**THE DATA**

.....

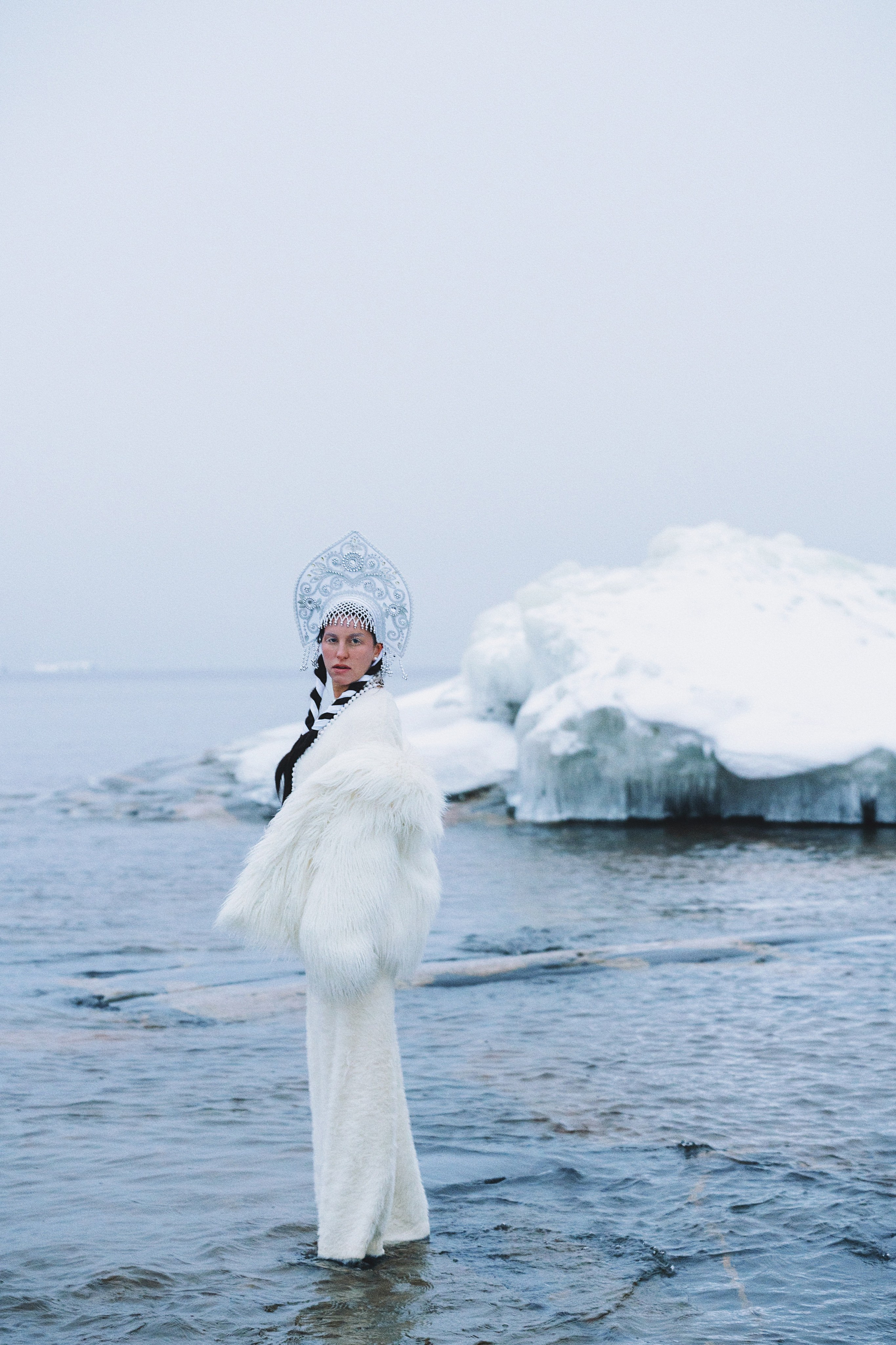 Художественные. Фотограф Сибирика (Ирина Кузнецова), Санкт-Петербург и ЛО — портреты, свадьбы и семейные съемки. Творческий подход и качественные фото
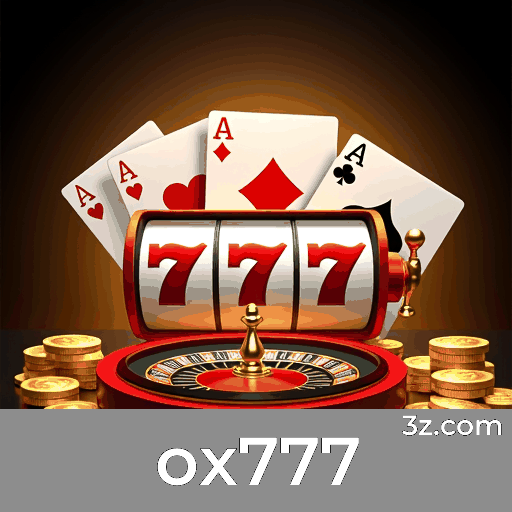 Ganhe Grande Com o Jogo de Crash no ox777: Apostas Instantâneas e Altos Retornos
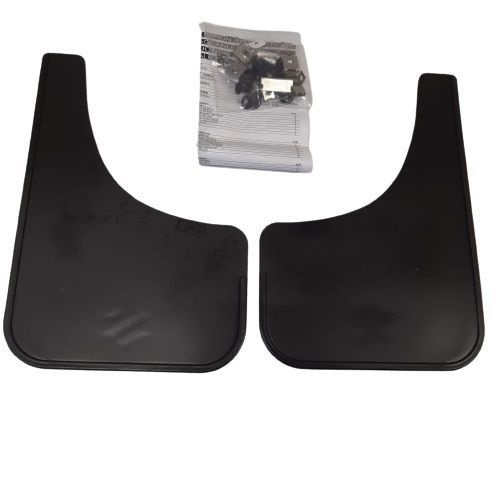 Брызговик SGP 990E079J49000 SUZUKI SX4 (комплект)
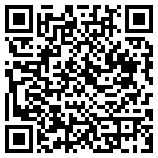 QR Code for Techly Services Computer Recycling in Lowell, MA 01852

.....

**WHAT TO PRODUCE**
Since the pictures are not part of the copy, transcribe only the remaining material, exactly.

**EXERCISE OUTPUT**
 Художественные. Фотограф Сибирика (Ирина Кузнецова), Санкт-Петербург и ЛО — портреты, свадьбы и семейные съемки. Творческий подход и качественные фото
 Ganhe Grande Com o Jogo de Crash no ox777: Apostas Instantâneas e Altos Retornos
 Брызговик SGP 990E079J49000 SUZUKI SX4 (комплект)
 QR Code for Techly Services Computer Recycling in Lowell, MA 01852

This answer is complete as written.